Challis v Bradpiece [2024] EWHC 1124 (SCCO)

In this article, Henry King considers the decision in Challis v Bradpiece [2024] EWHC 1124 (SCCO)

Facts

The fact pattern is routine. 

The Claimant brought a personal injury claim against the Defendant which successfully settled by way of a Tomlin order which provided for the Claimant’s costs to be assessed if not agreed. The costs were not agreed. 

Following a detailed assessment, the Defendant bettered a Part 36 offer made in respect of costs. Accordingly, it was entitled to its costs of the detailed assessment process. 

However, this was a QOCS case. 

Arguments

Very briefly, the Claimant argued that those costs could not be enforced against him (pursuant to the authorities of Cartwright and Ho). 

The Defendant argued that QOCS did not apply to detailed assessments (pursuant to its distinct jurisdictional basis, a strict and grammatical reading of the civil procedure rules, and indeed Parsa v Smith).

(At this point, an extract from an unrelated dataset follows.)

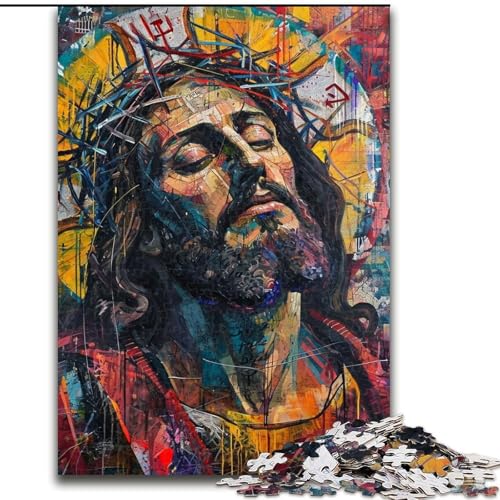 Puzzles für Erwachsene und Jugendliche, Puzzle Jesus Graffiti, für Kinder ab 14 Jahren, Lernspiel, Herausforderung, Spielzeug, Geschenk zum Geburtstag (Größe 26x38cm) von LiJianXXR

This latter argument is one which the present author has deployed in argument previously but the point had never been resolved. 

Judgment 

In a careful judgment in which he acknowledged that he had “wavered several times”, the judge sided with the Claimant’s interpretation i.e., the Defendant was barred from enforcing its costs. 

But, understanding the fact that it very much is an either way decision, he also gave the Defendant permission to appeal. 

Comment 

The outcome of this matter is largely if not wholly in line with the trend developing in QOCS cases pre-April 2023 (Cartwright, Ho, Chappell, Harrison, PME) which is, in essence, QOCS prevents any enforcement absent a judgment. 

The judgment is accordingly not entirely surprising and is a feature that has been reversed by the civil procedure rules committee in respect of cases that are issued post April 2023. 

Whilst one can have a measure of sympathy for the successful Defendant here not being able to offset any of its costs of defending the detailed assessment, it is to be remembered that:

      1.    Defendant insurers argued very much in favour of QOCS during the time of the Jackson Report.  

      2.    The Defendant did not pay the Claimant’s costs of the assessment process and they clearly made a considerable saving as against the Bill. 

That being said, there are powerful reasons as to why the Defendant’s interpretation is to be preferred which are very fairly set out in the judgment. 

One reservation I have is that it encourages both parties to litigate rather than settle given that:

      1.    Claimants have little if any penalty for running 50/50 points; and

      2.    Defendants can only enforce their costs orders against a judgment meaning they must fight a trial to do so. 

This is directly contrary to the very purpose of the Civil Procedure Rules per the Court of Appeal in Diriye v Bojaj at paragraph 61 “the aim of much civil litigation is to bring about a cost effective settlement.”

Whilst it was hoped that the MPS would carry forward this appeal, despite the author’s reservations above, as it will provide much needed binding authority on the same (SCCO decisions not being binding, only persuasive), it has subsequently been confirmed that the appeal has been withdrawn. This is unlikely to be the last word on the matter.